My wife has never ever asked me for, nor asked me to buy her a Swiss Army Knife or Multi-Tool with a cork screw so she could open a bottle of wine. In fact I think she has at least two designer cork screws, one of which has an electric motor, whose sole purpose for existence is to only remove corks from wine bottles as quickly and stylishly as possible. The fact that a Swiss Army Knife or Multi-Tool could do so much more than just opening the wine seems to hold no allure to her.

This optimization for purpose and use should be applied throughout the business. Products should focus on being the best at what they are used for. Look at the screw driver example I used before. I’ll also illustrate this precept by using a hi-tech example from my past. I worked for a company that essentially made a chassis that would house a variety of application specific boards and blades (sounds like a Swiss Army Knife). Each blade was optimized for a specific application, and there were a lot of them to choose from.

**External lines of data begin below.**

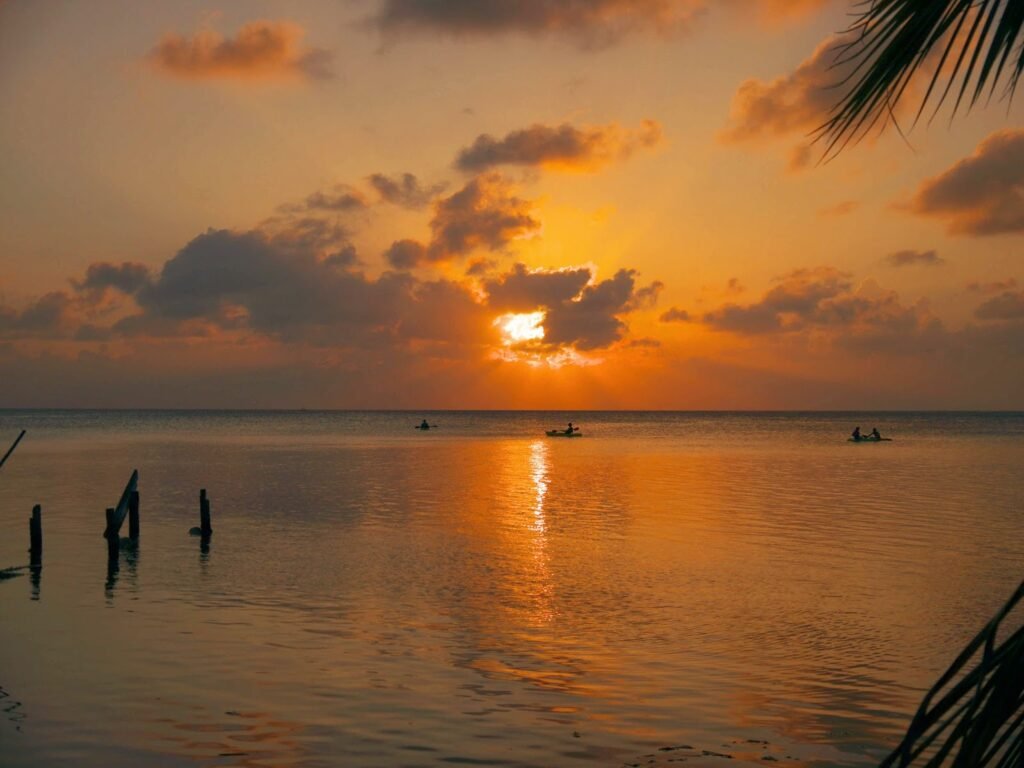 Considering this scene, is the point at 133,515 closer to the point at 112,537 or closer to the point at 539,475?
the point at 112,537

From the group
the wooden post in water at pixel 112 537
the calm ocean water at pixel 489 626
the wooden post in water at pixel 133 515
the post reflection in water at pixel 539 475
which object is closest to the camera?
the calm ocean water at pixel 489 626

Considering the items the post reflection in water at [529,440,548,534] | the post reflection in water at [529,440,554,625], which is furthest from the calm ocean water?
the post reflection in water at [529,440,548,534]

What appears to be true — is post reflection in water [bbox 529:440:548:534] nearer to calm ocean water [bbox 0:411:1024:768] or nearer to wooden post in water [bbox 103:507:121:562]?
calm ocean water [bbox 0:411:1024:768]

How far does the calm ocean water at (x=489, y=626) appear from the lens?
528 inches

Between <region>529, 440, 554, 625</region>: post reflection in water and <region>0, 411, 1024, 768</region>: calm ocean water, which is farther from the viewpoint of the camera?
<region>529, 440, 554, 625</region>: post reflection in water

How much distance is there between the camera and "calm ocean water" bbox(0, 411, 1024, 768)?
44.0 ft

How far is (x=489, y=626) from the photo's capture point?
20141 mm

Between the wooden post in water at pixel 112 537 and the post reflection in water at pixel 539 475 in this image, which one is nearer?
the wooden post in water at pixel 112 537

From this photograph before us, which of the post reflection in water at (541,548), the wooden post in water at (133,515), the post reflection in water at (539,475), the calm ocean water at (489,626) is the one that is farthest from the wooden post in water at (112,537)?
the post reflection in water at (539,475)

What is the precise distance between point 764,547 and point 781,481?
25978 mm

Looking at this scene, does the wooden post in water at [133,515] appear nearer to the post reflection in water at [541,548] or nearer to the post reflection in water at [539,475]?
the post reflection in water at [541,548]

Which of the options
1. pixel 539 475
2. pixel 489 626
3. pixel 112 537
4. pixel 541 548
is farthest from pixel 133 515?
pixel 539 475

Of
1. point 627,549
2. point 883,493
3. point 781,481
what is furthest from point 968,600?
point 781,481

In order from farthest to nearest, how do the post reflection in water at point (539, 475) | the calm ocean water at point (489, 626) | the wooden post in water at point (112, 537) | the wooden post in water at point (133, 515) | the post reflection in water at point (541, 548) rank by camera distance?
the post reflection in water at point (539, 475) < the wooden post in water at point (133, 515) < the wooden post in water at point (112, 537) < the post reflection in water at point (541, 548) < the calm ocean water at point (489, 626) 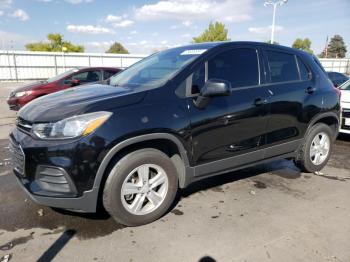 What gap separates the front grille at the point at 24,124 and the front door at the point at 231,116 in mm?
1542

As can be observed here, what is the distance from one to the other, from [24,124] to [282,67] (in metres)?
3.19

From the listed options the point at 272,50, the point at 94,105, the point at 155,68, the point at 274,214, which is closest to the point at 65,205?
the point at 94,105

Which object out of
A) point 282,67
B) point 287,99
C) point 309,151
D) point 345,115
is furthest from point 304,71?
point 345,115

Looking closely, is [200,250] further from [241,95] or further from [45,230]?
[241,95]

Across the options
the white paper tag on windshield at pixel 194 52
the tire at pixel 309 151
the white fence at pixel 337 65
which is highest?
the white fence at pixel 337 65

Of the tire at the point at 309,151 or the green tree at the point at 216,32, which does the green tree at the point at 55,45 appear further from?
the tire at the point at 309,151

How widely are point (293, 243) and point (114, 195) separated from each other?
5.53 feet

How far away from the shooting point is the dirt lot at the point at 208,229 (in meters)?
2.66

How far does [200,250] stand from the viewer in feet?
8.89

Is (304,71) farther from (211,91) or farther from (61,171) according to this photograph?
(61,171)

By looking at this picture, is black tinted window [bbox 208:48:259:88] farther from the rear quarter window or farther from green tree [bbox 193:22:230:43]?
green tree [bbox 193:22:230:43]

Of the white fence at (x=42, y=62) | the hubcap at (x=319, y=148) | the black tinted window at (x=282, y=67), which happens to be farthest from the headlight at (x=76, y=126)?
the white fence at (x=42, y=62)

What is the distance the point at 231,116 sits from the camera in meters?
3.42

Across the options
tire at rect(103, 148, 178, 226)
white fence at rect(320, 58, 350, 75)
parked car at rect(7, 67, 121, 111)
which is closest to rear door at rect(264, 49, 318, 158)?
tire at rect(103, 148, 178, 226) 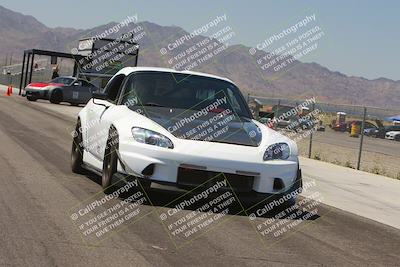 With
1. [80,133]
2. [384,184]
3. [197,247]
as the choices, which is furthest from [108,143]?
[384,184]

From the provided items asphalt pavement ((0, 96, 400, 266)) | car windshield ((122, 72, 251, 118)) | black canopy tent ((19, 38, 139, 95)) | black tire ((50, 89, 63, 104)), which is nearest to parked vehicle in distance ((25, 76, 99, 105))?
black tire ((50, 89, 63, 104))

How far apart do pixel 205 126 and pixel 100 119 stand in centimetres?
161

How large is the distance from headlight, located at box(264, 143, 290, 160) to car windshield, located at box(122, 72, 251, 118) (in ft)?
3.80

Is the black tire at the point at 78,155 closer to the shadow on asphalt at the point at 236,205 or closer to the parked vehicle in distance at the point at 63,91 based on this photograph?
the shadow on asphalt at the point at 236,205

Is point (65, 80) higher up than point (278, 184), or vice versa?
point (65, 80)

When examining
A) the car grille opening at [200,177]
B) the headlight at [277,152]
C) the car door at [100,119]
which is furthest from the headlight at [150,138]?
the headlight at [277,152]

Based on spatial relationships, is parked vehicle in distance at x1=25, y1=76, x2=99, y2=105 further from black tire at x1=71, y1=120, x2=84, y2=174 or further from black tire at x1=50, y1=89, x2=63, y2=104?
black tire at x1=71, y1=120, x2=84, y2=174

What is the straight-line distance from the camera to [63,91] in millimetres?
32250

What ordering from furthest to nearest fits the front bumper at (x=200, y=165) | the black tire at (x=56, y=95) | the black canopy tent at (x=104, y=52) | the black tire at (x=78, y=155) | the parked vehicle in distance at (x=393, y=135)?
the parked vehicle in distance at (x=393, y=135) < the black canopy tent at (x=104, y=52) < the black tire at (x=56, y=95) < the black tire at (x=78, y=155) < the front bumper at (x=200, y=165)

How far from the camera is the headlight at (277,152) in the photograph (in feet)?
23.2

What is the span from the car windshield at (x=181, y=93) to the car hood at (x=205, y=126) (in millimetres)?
237

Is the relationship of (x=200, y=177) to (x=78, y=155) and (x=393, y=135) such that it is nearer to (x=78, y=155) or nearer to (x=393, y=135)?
(x=78, y=155)

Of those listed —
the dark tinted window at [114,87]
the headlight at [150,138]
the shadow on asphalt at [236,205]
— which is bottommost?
the shadow on asphalt at [236,205]

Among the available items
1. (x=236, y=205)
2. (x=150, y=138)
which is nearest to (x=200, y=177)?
(x=150, y=138) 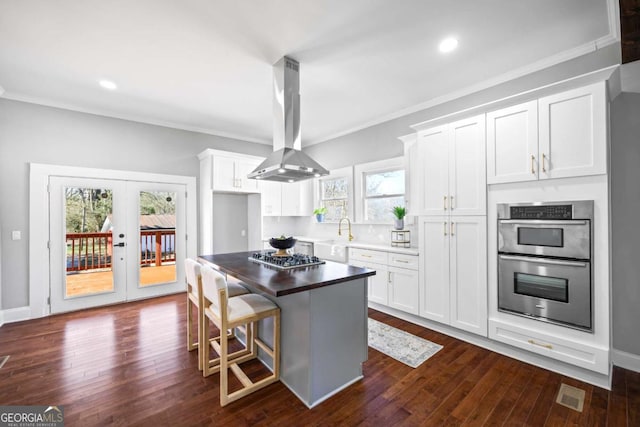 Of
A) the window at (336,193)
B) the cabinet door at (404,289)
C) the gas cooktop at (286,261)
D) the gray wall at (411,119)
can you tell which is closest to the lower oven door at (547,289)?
the cabinet door at (404,289)

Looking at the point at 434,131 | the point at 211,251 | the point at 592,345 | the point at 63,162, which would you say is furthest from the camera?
the point at 211,251

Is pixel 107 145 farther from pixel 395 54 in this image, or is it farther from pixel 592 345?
pixel 592 345

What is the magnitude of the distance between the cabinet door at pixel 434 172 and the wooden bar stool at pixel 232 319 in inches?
83.0

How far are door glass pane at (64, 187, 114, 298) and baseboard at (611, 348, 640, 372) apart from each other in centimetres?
611

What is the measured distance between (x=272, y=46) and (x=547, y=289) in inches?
131

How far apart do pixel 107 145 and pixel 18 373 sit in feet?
Result: 10.2

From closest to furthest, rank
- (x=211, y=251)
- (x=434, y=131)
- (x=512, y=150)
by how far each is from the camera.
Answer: (x=512, y=150) < (x=434, y=131) < (x=211, y=251)

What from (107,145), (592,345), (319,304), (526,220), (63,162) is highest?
(107,145)

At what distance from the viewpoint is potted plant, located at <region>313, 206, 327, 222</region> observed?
211 inches

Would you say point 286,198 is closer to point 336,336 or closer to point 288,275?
point 288,275

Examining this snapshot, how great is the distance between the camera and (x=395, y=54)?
275 cm

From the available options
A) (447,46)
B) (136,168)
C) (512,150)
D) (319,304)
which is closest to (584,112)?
(512,150)

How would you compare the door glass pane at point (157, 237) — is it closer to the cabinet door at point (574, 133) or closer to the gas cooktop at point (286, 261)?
the gas cooktop at point (286, 261)

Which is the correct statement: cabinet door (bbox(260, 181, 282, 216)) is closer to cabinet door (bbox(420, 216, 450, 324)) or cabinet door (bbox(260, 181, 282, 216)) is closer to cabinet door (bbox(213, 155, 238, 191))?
cabinet door (bbox(213, 155, 238, 191)) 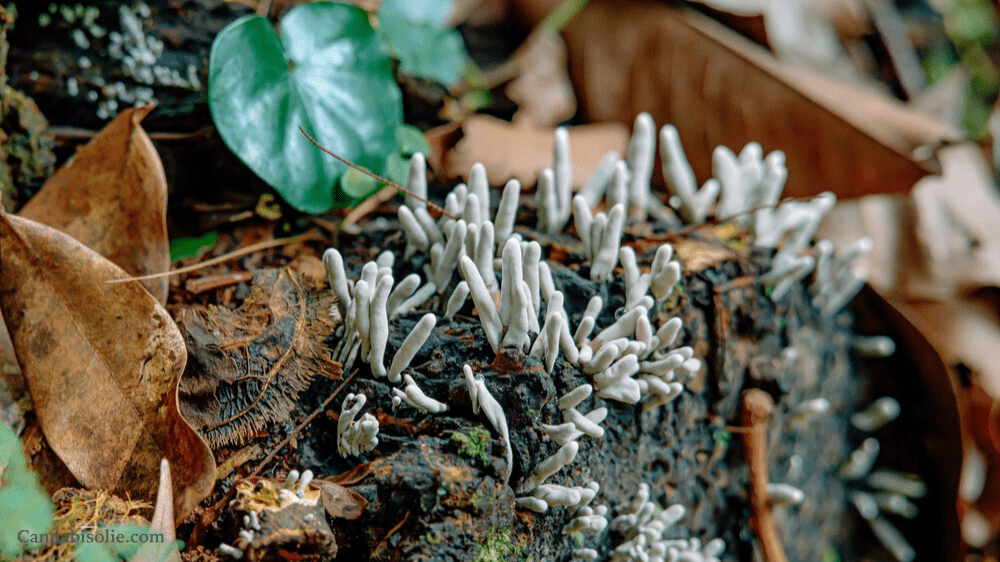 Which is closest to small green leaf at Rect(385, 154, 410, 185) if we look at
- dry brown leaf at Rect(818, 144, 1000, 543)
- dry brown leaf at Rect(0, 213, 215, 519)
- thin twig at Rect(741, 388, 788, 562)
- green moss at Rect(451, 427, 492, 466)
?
dry brown leaf at Rect(0, 213, 215, 519)

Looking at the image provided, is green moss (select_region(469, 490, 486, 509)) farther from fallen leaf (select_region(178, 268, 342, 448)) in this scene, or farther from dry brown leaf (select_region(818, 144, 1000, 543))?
dry brown leaf (select_region(818, 144, 1000, 543))

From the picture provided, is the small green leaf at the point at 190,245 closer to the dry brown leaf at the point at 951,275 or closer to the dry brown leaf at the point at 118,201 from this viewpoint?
the dry brown leaf at the point at 118,201

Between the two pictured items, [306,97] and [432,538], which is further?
[306,97]

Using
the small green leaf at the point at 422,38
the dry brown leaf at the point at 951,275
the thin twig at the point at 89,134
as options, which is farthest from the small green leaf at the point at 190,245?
the dry brown leaf at the point at 951,275

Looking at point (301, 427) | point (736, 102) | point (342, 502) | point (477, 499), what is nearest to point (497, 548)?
point (477, 499)

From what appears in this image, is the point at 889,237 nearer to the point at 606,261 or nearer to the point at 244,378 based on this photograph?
the point at 606,261

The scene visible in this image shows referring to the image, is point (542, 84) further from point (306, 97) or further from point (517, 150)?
point (306, 97) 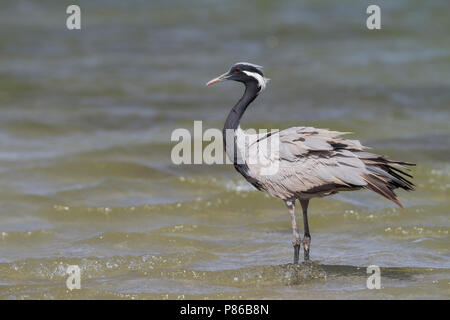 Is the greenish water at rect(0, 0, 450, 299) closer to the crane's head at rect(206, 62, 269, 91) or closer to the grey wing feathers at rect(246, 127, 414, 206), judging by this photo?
the grey wing feathers at rect(246, 127, 414, 206)

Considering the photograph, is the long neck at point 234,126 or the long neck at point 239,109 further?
the long neck at point 239,109

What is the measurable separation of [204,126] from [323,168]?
7451 millimetres

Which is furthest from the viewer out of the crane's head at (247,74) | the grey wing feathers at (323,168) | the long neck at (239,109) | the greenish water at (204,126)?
the crane's head at (247,74)

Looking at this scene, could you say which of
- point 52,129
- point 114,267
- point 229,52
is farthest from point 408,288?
point 229,52

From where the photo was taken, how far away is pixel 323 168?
28.6 feet

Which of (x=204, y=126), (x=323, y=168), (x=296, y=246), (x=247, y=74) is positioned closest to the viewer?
(x=323, y=168)

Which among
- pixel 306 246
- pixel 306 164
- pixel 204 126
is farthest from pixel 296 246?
pixel 204 126

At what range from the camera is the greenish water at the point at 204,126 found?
9008mm

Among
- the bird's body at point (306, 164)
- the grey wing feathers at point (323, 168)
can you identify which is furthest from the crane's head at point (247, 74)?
the grey wing feathers at point (323, 168)

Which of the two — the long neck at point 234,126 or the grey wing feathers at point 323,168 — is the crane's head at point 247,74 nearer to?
the long neck at point 234,126

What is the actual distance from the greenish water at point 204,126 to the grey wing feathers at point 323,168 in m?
0.91

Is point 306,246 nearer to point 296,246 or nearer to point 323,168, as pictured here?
point 296,246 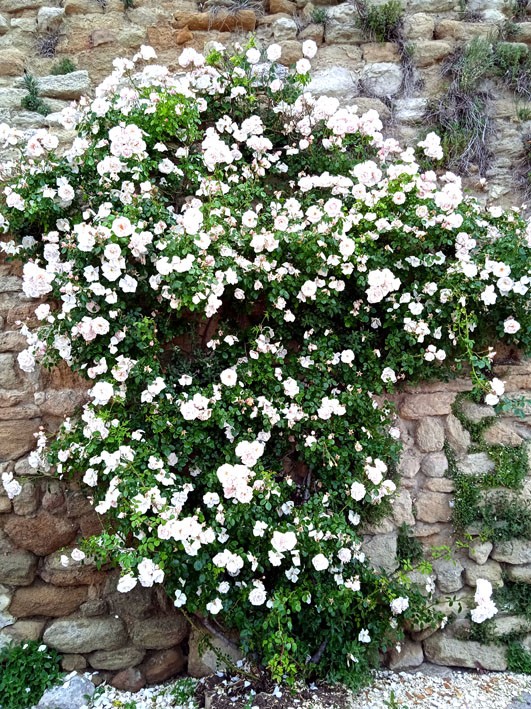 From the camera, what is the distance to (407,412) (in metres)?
2.87

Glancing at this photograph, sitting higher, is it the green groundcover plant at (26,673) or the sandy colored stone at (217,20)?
the sandy colored stone at (217,20)

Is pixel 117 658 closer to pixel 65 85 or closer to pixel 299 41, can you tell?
pixel 65 85

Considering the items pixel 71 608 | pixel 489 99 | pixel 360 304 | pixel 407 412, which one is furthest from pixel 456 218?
pixel 71 608

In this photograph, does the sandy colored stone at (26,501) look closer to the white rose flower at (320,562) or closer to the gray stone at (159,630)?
the gray stone at (159,630)

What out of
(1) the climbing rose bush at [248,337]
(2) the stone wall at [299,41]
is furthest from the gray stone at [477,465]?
(2) the stone wall at [299,41]

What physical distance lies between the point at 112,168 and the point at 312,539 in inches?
78.4

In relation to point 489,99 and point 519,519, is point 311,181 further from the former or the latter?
point 519,519

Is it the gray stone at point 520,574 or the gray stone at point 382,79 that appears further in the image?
the gray stone at point 382,79

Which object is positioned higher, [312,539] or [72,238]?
[72,238]

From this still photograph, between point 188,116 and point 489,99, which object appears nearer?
point 188,116

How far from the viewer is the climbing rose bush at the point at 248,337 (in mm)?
2451

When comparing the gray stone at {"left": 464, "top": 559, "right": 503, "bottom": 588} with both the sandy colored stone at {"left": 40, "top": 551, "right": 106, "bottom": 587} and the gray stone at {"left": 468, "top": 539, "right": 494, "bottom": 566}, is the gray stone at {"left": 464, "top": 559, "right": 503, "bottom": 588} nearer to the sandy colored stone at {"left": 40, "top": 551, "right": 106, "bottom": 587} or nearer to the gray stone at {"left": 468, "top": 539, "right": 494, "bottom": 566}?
the gray stone at {"left": 468, "top": 539, "right": 494, "bottom": 566}

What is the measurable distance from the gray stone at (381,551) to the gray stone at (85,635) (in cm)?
136

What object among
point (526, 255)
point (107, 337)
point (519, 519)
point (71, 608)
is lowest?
point (71, 608) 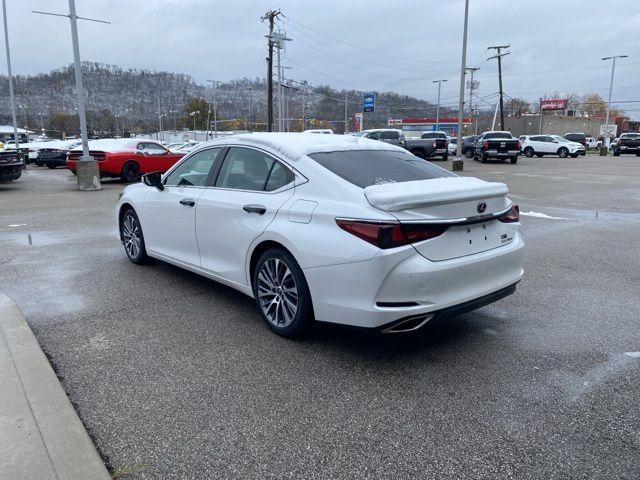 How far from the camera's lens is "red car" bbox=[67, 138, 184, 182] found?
18.0 m

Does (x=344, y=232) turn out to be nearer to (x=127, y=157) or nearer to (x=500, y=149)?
(x=127, y=157)

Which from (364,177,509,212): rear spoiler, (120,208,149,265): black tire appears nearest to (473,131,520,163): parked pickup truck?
(120,208,149,265): black tire

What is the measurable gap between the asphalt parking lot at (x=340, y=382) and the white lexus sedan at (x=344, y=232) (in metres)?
0.41

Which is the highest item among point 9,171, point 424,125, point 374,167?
point 424,125

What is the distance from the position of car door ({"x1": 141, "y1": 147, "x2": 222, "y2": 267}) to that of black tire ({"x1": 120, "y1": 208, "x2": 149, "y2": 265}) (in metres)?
0.26

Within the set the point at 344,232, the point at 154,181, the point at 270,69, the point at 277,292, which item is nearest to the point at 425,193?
the point at 344,232

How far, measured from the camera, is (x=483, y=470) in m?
2.62

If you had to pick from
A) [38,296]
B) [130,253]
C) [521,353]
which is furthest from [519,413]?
[130,253]

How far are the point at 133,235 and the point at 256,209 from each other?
284 centimetres

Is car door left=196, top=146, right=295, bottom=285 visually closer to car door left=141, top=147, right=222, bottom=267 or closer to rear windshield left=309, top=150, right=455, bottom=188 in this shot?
car door left=141, top=147, right=222, bottom=267

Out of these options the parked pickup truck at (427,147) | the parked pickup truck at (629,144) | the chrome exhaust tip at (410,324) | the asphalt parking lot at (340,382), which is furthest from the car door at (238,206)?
the parked pickup truck at (629,144)

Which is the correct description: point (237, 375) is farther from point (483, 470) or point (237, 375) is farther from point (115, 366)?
point (483, 470)

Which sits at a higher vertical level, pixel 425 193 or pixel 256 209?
pixel 425 193

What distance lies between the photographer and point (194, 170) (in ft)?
17.8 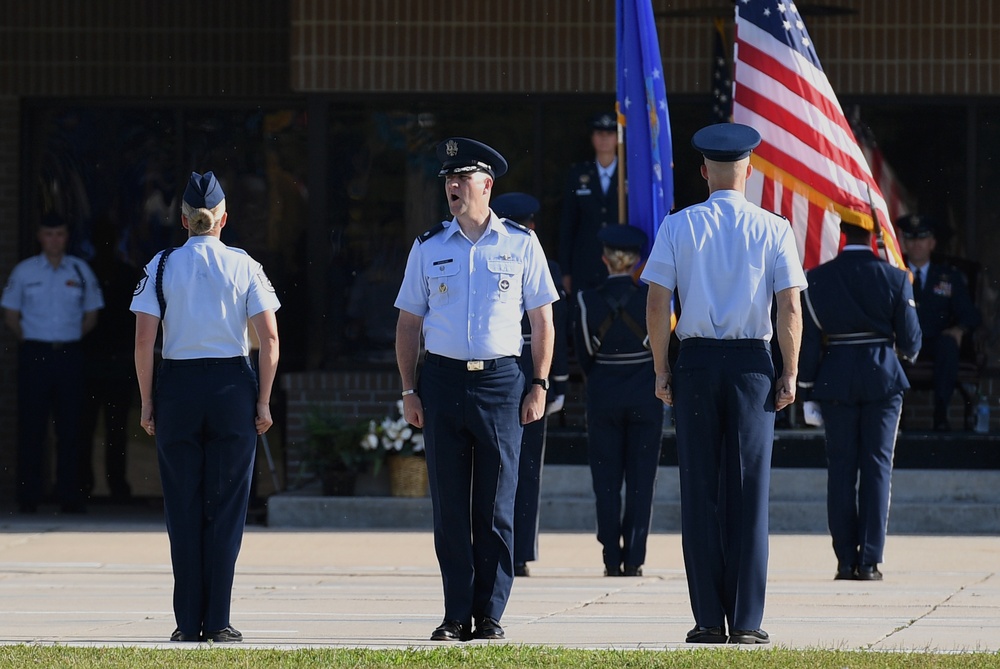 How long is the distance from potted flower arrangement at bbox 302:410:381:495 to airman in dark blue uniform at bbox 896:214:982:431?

Customers said that the number of different application blades could be confusing and suggested that the company undertake the development of a “universal” blade that would enable the customers to do several different applications instead of the usually capable and provisioned one. The universal blade came out … and it was a failure.

The resulting universal blade was much more complex, much more expensive and less functional on every application that it addressed even though it addressed far more applications than the single blade – single application counterparts. In short it could do just about everything, but it couldn’t do anything as well as each of the specific application blades could do it, and due to its complexity it was much more expensive to boot. Less optimized and more expensive is not a good business proposition for success.

The same would go for business processes. Processes are supposed to be a simplified, streamlined, consistent way of doing things that will optimize your efficiency. However when you try to create the “universal” process, much like the universal application blade, they end up not being optimized for anything and hence reduce efficiency in everything.

As an example, suppose you are addressing two markets, the North and South Poles. On the surface both are similar in that they are cold and have snow. But the North Pole is populated by Santa’s elves and they are primarily interested in candy and toys. The South Pole is populated by penguins who are primarily interested in fish and not being eaten by sea lions.

If you were to create a global process that addresses the needs of both the North Pole and South Pole markets it would have to take into account the specific and disparate needs associated with serving both elves and penguins. By the very nature of your markets at least half (and probably more) of your process would not be applicable to one or the other market. If you were to complicate things further by adding third market, say the Himalayas (again cold with snow) you would then have to add the processes associated with serving the populations of Sherpa and Yetis in the area. As we all know Sherpa are primarily interested in climbing and Yeti are primarily interested in leaving foot prints and not being seen.

Sherpa and Yeti, elves and penguins all live in similar markets (cold and snow) but I don’t think that a universal process can be put together to efficiently address each of these markets’ specific needs. It would seem to be much more efficient to create and optimize a process for use in each specific area.

Business is about addressing specific markets and even more specifically, specific customers and their specific needs. The better that you can do that, the better your chances of success both with that customer and in that market. Swiss Army knives and Multi-Tools are cool, but people, and customers, who have a specific need are not looking for all the other functionality that comes with the more complicated or diverse solution. When you start to hear the siren song of the universal product or the universal process it may be best to emulate Odysseus and find a way to maintain your direction and focus on the optimization for purpose and use that your customer really wants, and that has been the cornerstone of business success.